Interestingly, in a sign of the times, awareness of the fund raising has been generated through social media and the web. Sports stars are increasingly savvy with such tools. In direct contrast to some of the well publicized gaffes on social media (just ask Ryan Babel @RyanBabel at Liverpool FC for his thoughts on using Twitter), sports stars have been using Twitter and the like for good causes.
From cycling, American legend Lance Armstrong organized a fundraising ride in aid of the flood victims. He did this by posting a message on his Twitter page “Hey #Adelaide – Twitter ride!! Let’s show our support for Queensland those affected by the floods. Saturday 10am Wigley Reserve, Glenelg!” Armstrong personally donated $50,000 (all figures quoted here are AUD) and then was joined by thousands for the fundraising ride.
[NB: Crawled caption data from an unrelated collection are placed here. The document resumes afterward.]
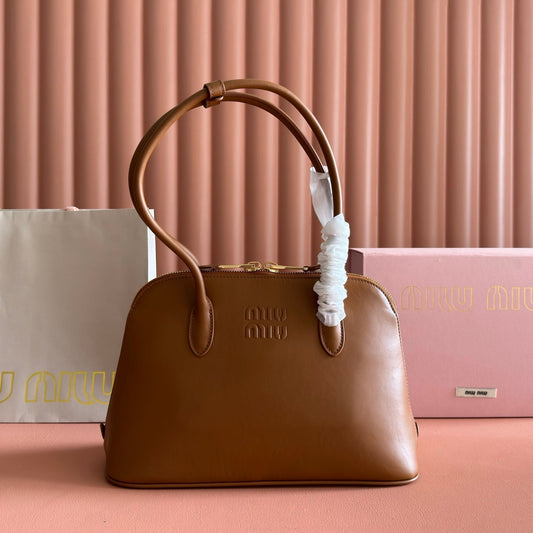 Miu Shell Bag Brown Lambskin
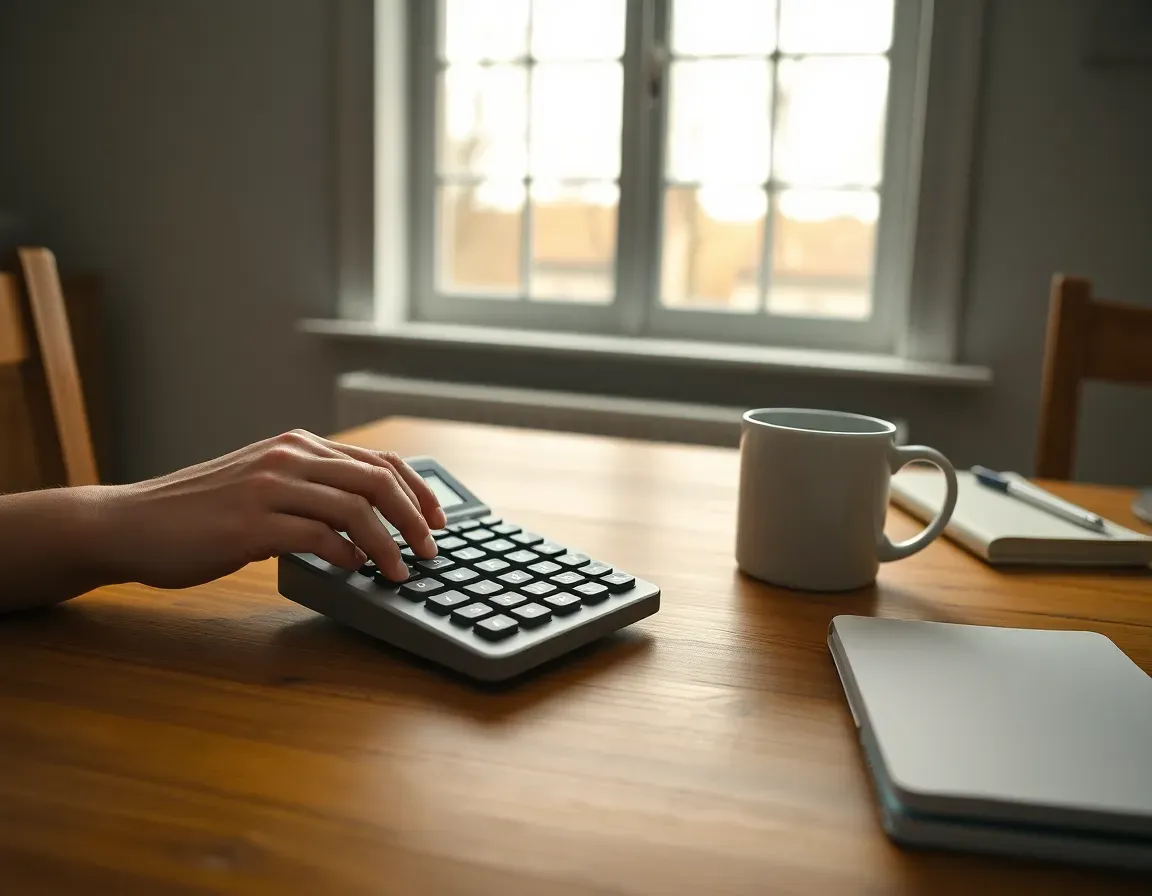 Hands working a plain grey calculator at a pine kitchen table beside a white mug and closed notebook in winter light, converting sterling balances at the FBAR exchange rate
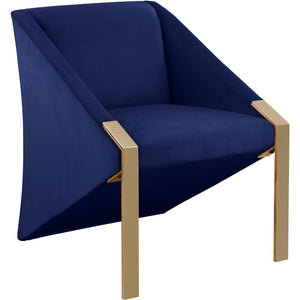 Meridian Rivet Navy Velvet Accent Chair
From soccer, the Everton FC and Socceroos star Tim Cahill is offering The Tim Cahill Experience on eBay to raise funds for the flood victims – the winning bidder will receive two first class flights to England, two tickets to any Everton home match in Cahill’s private box and a few other things thrown in too. At the time of writing the bid stands at a whopping $999,999 and with 3 days still to go Cahill’s initiative now looks certain to pass the million dollar mark. Football Federation Australia (FFA), the governing body, has also contributed $100,000 and will dedicate next week’s round of A-league matches to the flood appeal.
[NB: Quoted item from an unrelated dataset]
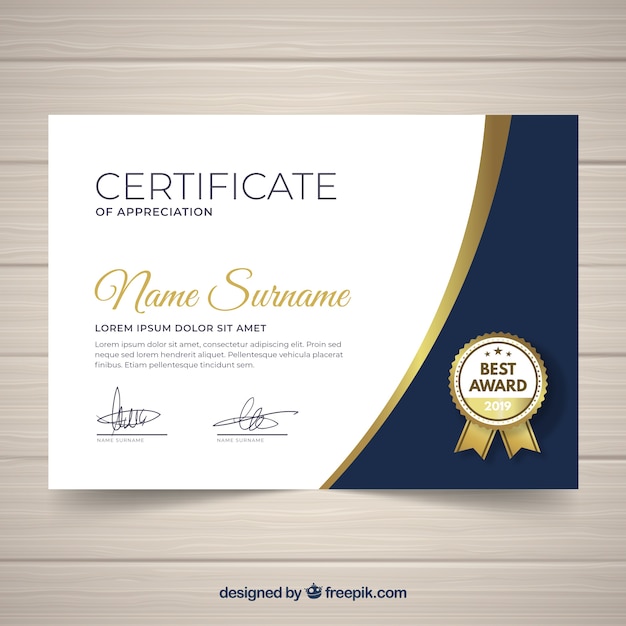 Vector gratuito modelo de certificado elegante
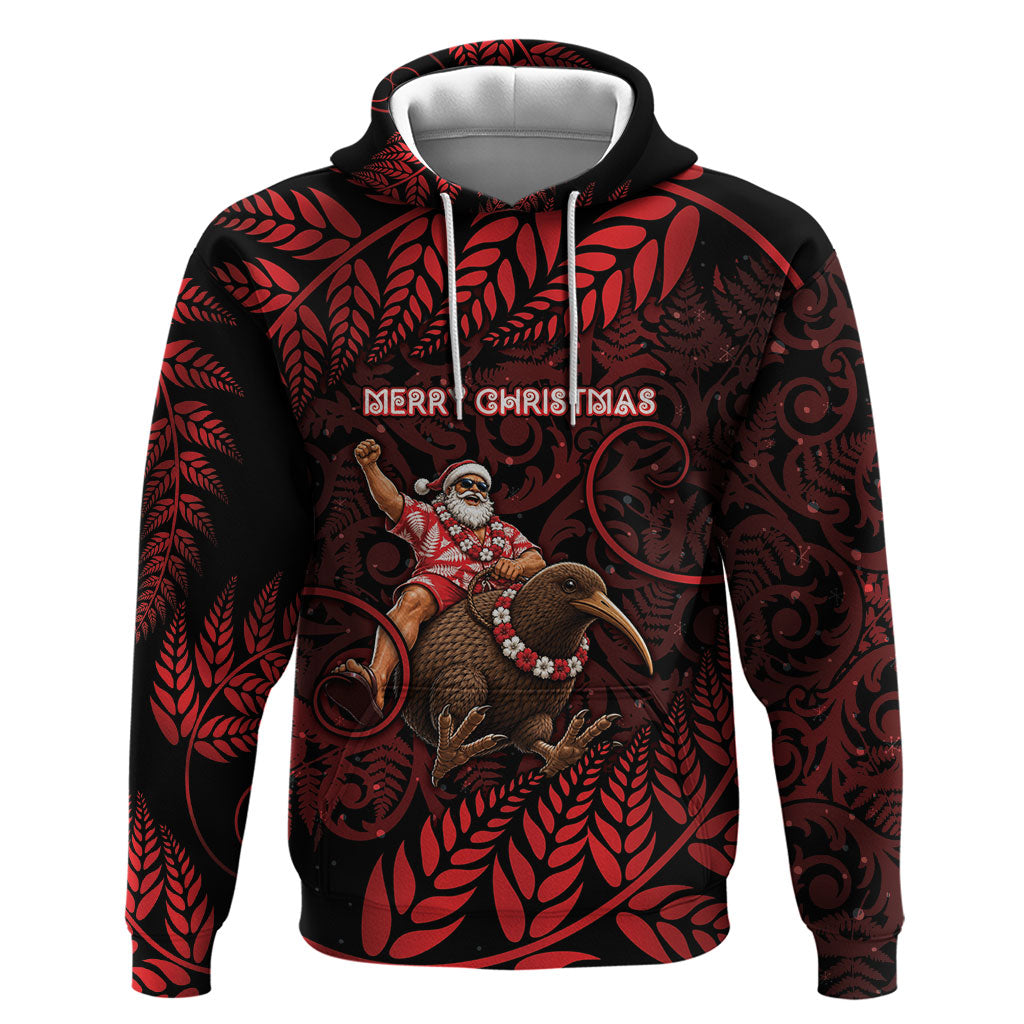 New Zealand Christmas Hoodie Red Santa Riding Kiwi Bird Silver Fern DT05 Pullover Hoodie Red - Polynesian Pride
From cricket, the English batsman Kevin Pietersen is auctioning on eBay one of his Ashes shirts, his bat and 2 tickets to the One Day International in Perth for the flood victims. KP is using his Twitter page (@kevinpp24) and his homepage www.kevinpietersen.com to spread the message. Shane Watson, the Australian all-rounder, is today heading home to Ipswich – a town devastated so badly by the floods. Straight from his superb match winning exploits earlier this week at the MCG he will be handing out bats to kids who have lost everything in the floods. Cricket Australia has pledged that the fifth one-day international against England, which is scheduled to be held at Brisbane on Sunday, 30 January, will be used as a fundraiser. Meanwhile cricket legend Shane Warne, another fan of Twitter, is using his page @warne888 to organize a charity Twenty20 match.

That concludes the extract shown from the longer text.